Its year 2030…and I just came across an e-article about Uttarakhand floods. Man! That was a real disaster. While researching around this article, I also realized that 2012-13 was a year filled with utter humiliation for Indian chauvinists. Newspapers crowded with news that could easily force your smiling curves inverted.
The dilapidating state of country was perspicuous in economic, social and humanitarian sense. My memory is fading and so it’s hard to remember how the shaking boat survived the drowning, but one thing’s I can bet on, we sure were close to reaching a deadlock where the scenario could have been described by even bad and ominous adjectives.
The political setup of India, both centre and state administration was seeing the lowest that it can be. I don’t know how we got through that horrendous phase where hopelessness, lawlessness and scrutiny of sincerity prevailed.
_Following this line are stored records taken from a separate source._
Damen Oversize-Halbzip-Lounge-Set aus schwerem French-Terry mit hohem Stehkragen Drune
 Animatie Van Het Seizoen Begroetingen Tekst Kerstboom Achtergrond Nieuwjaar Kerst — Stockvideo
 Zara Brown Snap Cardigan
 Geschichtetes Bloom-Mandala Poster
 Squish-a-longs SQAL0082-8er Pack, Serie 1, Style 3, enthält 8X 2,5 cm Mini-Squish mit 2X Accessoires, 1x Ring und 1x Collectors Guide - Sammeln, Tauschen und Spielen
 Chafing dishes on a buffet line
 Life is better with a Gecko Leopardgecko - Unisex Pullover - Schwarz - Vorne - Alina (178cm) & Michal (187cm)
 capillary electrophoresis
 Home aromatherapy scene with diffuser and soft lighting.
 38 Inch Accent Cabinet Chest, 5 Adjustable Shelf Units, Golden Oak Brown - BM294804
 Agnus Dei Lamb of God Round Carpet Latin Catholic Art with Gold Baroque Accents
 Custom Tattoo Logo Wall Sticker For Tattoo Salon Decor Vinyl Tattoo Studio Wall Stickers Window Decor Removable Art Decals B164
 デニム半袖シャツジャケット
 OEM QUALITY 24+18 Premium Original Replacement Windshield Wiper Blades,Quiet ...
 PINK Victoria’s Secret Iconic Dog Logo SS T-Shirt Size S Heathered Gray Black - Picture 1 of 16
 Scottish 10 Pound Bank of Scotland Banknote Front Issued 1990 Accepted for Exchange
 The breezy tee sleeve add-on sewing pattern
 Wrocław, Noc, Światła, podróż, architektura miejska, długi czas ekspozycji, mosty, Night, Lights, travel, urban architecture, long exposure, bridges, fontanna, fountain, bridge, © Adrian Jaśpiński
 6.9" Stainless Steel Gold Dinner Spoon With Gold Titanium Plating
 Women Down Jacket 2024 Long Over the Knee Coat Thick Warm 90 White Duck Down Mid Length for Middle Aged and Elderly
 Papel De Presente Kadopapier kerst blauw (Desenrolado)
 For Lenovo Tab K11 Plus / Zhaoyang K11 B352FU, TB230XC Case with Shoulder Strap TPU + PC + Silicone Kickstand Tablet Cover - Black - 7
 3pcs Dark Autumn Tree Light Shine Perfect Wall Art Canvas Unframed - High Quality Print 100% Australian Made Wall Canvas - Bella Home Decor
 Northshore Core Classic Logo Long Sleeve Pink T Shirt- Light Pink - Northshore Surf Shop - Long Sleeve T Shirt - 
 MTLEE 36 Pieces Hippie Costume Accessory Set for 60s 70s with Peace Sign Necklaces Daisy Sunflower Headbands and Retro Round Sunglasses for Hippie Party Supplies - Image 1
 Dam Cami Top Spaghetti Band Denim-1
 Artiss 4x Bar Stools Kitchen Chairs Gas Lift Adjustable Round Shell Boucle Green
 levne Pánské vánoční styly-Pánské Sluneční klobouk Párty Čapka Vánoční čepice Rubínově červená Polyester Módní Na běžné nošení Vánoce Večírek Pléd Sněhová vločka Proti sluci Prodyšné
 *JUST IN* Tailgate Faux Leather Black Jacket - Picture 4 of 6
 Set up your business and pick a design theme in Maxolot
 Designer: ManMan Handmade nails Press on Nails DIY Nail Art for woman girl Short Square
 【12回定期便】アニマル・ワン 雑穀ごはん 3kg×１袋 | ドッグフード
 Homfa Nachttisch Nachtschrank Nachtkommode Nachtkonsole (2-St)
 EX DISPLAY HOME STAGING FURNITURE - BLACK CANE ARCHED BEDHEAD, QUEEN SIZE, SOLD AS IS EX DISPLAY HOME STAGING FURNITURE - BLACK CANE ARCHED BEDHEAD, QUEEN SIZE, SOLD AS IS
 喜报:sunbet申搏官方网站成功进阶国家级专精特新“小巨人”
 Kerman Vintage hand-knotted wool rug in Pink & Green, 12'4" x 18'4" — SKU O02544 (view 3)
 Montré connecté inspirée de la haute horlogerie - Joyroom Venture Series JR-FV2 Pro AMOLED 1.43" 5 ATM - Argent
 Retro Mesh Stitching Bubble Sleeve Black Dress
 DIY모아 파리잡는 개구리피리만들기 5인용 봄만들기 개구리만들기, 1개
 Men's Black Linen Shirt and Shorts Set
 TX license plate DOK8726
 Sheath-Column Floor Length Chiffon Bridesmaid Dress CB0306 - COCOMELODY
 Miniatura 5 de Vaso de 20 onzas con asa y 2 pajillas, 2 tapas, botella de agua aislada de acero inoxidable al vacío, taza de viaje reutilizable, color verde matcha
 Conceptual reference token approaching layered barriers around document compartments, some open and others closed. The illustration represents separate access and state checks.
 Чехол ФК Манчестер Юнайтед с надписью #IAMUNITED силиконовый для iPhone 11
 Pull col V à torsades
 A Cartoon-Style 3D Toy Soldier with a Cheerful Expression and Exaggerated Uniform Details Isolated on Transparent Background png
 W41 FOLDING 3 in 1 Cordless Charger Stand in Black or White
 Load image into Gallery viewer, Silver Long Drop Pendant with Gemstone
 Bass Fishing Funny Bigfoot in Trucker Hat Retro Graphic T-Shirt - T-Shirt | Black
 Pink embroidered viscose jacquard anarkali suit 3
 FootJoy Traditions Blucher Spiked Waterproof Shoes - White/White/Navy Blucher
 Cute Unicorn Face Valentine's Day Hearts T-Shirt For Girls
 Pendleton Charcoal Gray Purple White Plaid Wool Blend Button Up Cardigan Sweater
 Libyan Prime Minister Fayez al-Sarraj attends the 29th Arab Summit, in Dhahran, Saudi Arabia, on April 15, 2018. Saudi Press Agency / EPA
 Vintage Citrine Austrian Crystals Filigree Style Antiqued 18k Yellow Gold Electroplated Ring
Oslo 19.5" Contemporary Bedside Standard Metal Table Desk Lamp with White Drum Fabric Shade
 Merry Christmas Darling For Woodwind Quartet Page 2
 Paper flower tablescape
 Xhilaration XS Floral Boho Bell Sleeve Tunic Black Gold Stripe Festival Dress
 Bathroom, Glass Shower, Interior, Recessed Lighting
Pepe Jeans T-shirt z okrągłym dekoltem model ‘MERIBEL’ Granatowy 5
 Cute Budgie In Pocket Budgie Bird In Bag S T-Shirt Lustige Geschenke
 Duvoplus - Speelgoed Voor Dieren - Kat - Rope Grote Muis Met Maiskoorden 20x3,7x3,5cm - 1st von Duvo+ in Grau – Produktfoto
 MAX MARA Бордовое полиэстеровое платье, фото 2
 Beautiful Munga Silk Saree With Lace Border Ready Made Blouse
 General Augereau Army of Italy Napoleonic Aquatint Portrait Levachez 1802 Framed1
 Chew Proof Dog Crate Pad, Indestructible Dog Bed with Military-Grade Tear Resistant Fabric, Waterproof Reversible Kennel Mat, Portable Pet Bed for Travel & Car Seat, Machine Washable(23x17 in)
Inconsiderate governance, apathetic politicians, slackly decisions, foraying into personal lives were just some gifts presented to citizens by our so-called ‘public servants’. The prevailing conditions were far cry from the promises of the incumbents.
The highlights of those times included falling rupee, the division of telangana, the national surveillance program, uncountable mid-day meal laxities, the disastrous National Food Bill among another national issues. In the local section the violence related with reservations, the suspension of SDM Durga Shakti Nagpal made the news constantly. Do you know, in UP, around 50 IAS officers are transferred every month. And this trend has been followed up for more than a decade now.
                Anyways these weren’t the only issues of let-down…these were following a long list of scams namely Coalgate, Commonwealth games, 2G auction, Chopper gate scams were just some major ones.
                Those were the times when utter helplessness and frustration marked over any discussions regarding India’s scenario. Patriotism was seriously taking lot of hits. I had seen the real patriotic souls on the verge of giving up on the country. The spark that enthused them was slowly fading followed by more impuissance. The times were so dark that leaving India looked eminent and substantial to a quality living. But as you can observe things are better now. The frustrated sense is no more acting now. The inevitable phase that no democracy has ever dodged was handled efficiently by our now developed India (of 2030). A new India rose from near ashes, with the efforts from bureaucrats, politicians and common man. Perhaps finding the right tuning to work with each other was the key.